— What the exercise asks —
The task for the listing below is to write out exactly the lines starting at the one containing "We never use" and ending at the one containing "What's up guys, Justice", both included. Pictures are to be omitted.

— Records for processing —
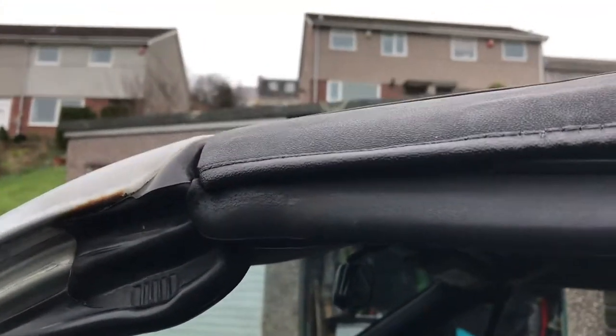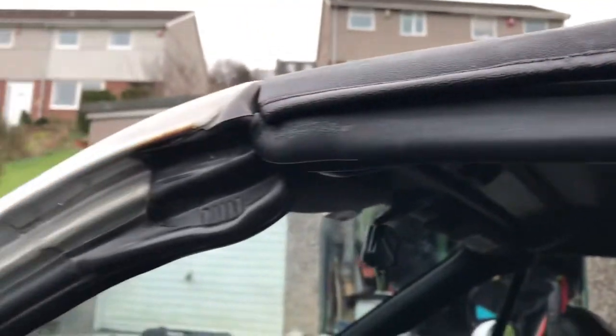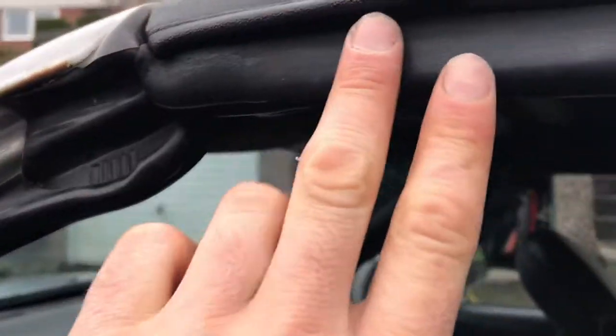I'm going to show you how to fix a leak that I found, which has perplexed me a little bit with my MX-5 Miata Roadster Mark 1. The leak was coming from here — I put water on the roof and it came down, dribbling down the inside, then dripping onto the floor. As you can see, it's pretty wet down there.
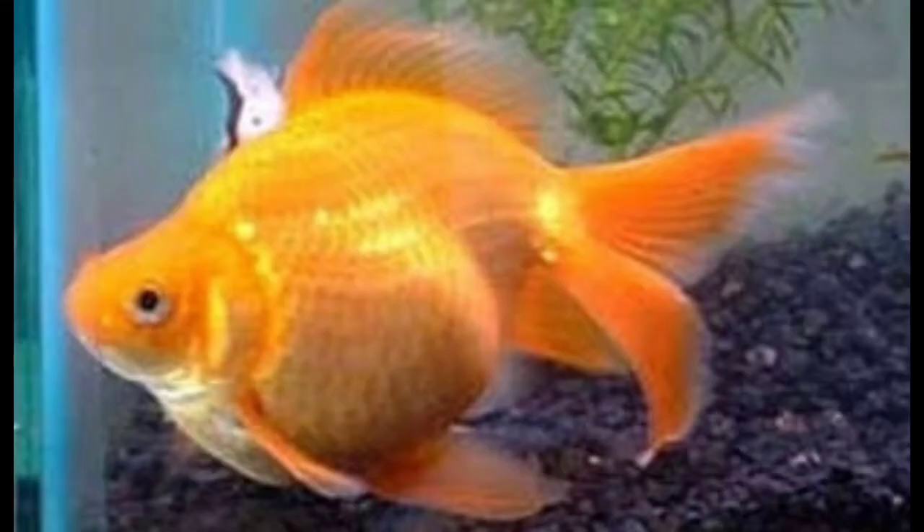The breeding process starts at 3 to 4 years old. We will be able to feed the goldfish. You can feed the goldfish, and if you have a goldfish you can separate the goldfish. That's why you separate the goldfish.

...

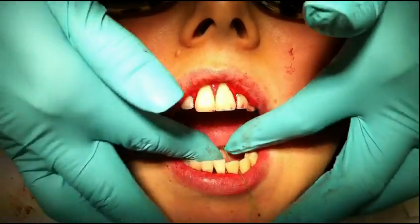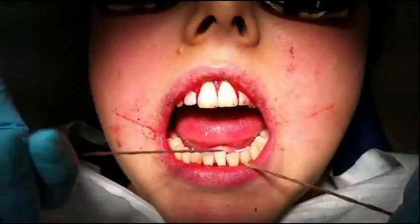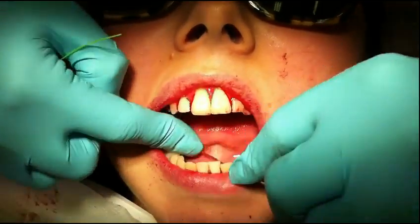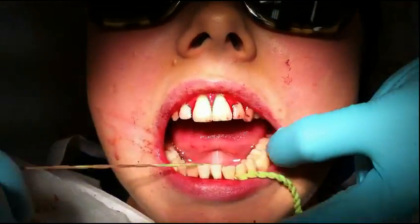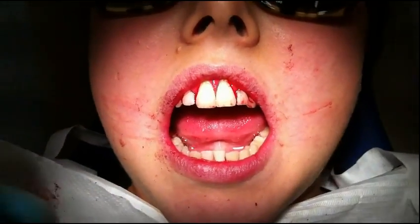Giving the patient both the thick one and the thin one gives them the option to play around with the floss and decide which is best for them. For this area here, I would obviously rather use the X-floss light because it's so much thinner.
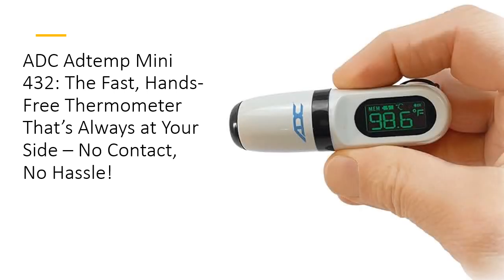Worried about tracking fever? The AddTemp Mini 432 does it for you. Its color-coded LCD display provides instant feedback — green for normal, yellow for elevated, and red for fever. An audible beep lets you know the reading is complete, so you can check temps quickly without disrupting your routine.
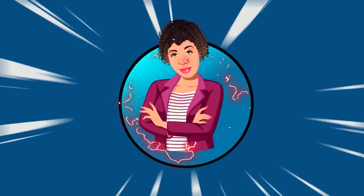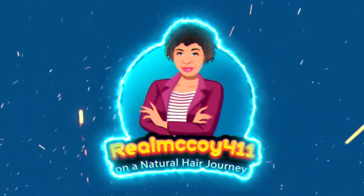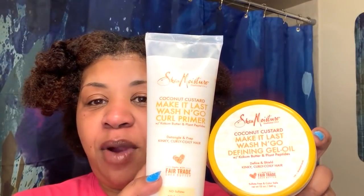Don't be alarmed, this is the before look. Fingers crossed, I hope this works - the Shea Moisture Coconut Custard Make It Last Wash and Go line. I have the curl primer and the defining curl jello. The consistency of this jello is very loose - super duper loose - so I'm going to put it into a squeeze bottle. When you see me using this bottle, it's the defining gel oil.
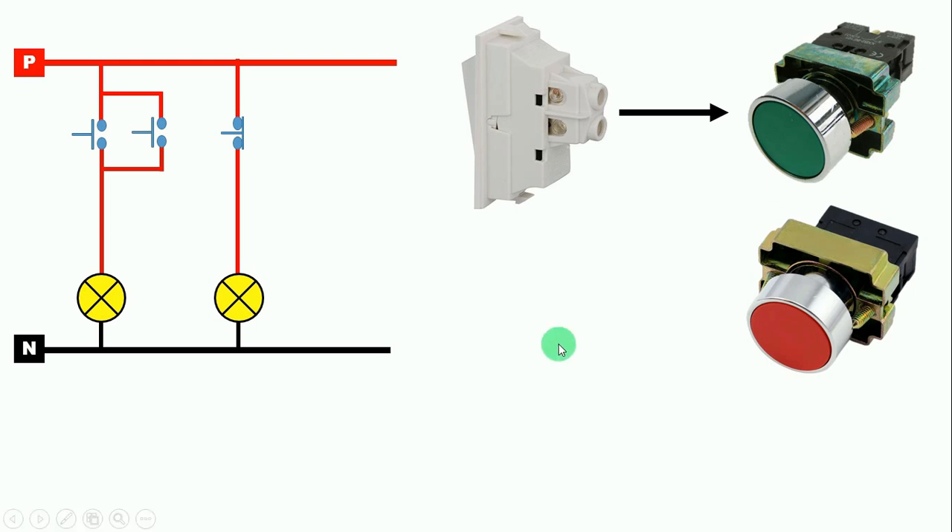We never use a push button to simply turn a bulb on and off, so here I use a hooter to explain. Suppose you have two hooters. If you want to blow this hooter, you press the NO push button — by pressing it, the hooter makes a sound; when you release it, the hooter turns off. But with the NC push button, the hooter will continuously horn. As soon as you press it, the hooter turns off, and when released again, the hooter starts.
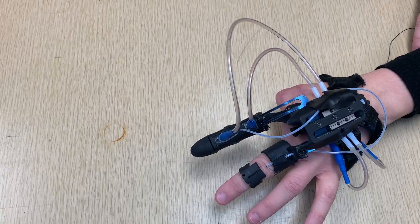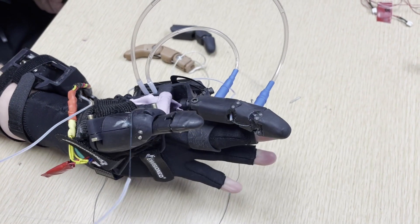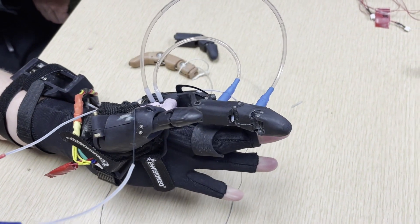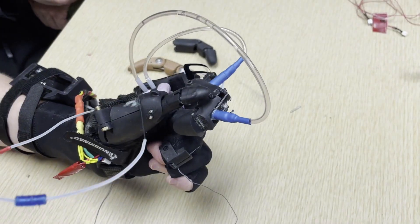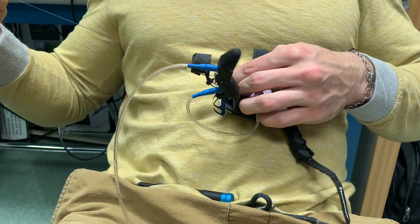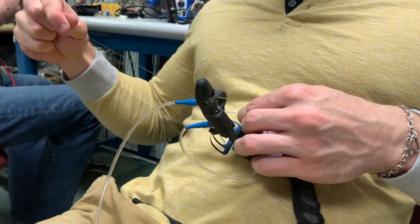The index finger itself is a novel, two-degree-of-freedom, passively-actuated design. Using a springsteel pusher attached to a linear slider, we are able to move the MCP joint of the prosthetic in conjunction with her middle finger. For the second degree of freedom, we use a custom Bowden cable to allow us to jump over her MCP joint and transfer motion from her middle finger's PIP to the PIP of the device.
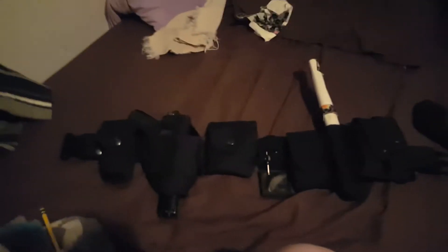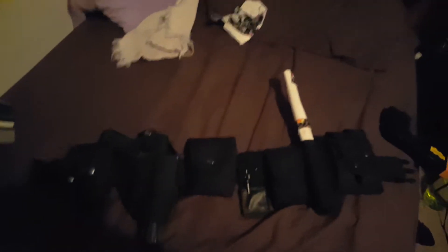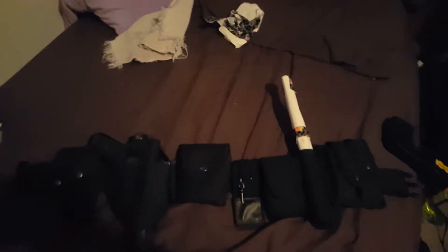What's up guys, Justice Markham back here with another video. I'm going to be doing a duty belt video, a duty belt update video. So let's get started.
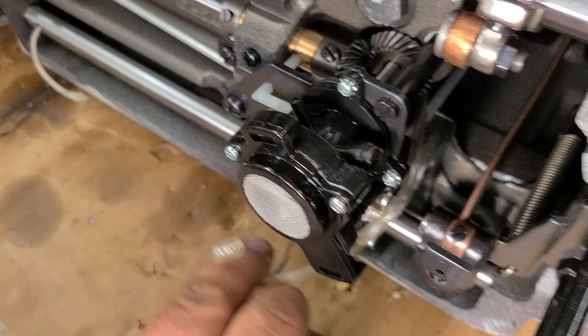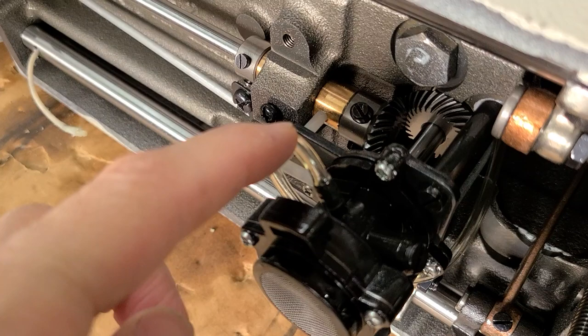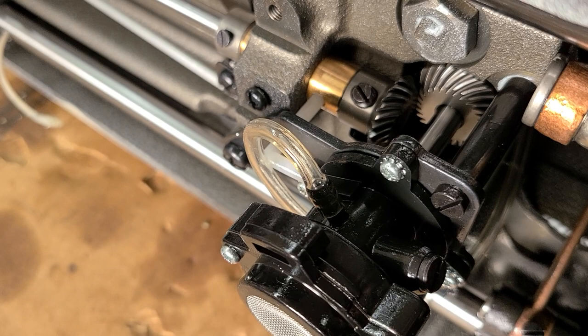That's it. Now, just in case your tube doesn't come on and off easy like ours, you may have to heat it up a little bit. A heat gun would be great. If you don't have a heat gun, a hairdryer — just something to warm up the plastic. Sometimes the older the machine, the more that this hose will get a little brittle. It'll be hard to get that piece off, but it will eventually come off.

--

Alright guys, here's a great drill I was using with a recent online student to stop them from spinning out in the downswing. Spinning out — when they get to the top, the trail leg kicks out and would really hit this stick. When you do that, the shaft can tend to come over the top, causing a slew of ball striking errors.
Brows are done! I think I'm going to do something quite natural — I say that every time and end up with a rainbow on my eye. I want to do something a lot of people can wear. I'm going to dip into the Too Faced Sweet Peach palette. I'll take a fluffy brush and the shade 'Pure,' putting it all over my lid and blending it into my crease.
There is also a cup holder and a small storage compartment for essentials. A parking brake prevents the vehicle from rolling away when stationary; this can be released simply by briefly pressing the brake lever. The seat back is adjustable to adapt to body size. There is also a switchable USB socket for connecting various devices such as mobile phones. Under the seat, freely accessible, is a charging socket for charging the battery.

— Answer area —
We never use a push button to simply turn a bulb on and off, so here I use a hooter to explain. Suppose you have two hooters. If you want to blow this hooter, you press the NO push button — by pressing it, the hooter makes a sound; when you release it, the hooter turns off. But with the NC push button, the hooter will continuously horn. As soon as you press it, the hooter turns off, and when released again, the hooter starts.
The index finger itself is a novel, two-degree-of-freedom, passively-actuated design. Using a springsteel pusher attached to a linear slider, we are able to move the MCP joint of the prosthetic in conjunction with her middle finger. For the second degree of freedom, we use a custom Bowden cable to allow us to jump over her MCP joint and transfer motion from her middle finger's PIP to the PIP of the device.
What's up guys, Justice Markham back here with another video. I'm going to be doing a duty belt video, a duty belt update video. So let's get started.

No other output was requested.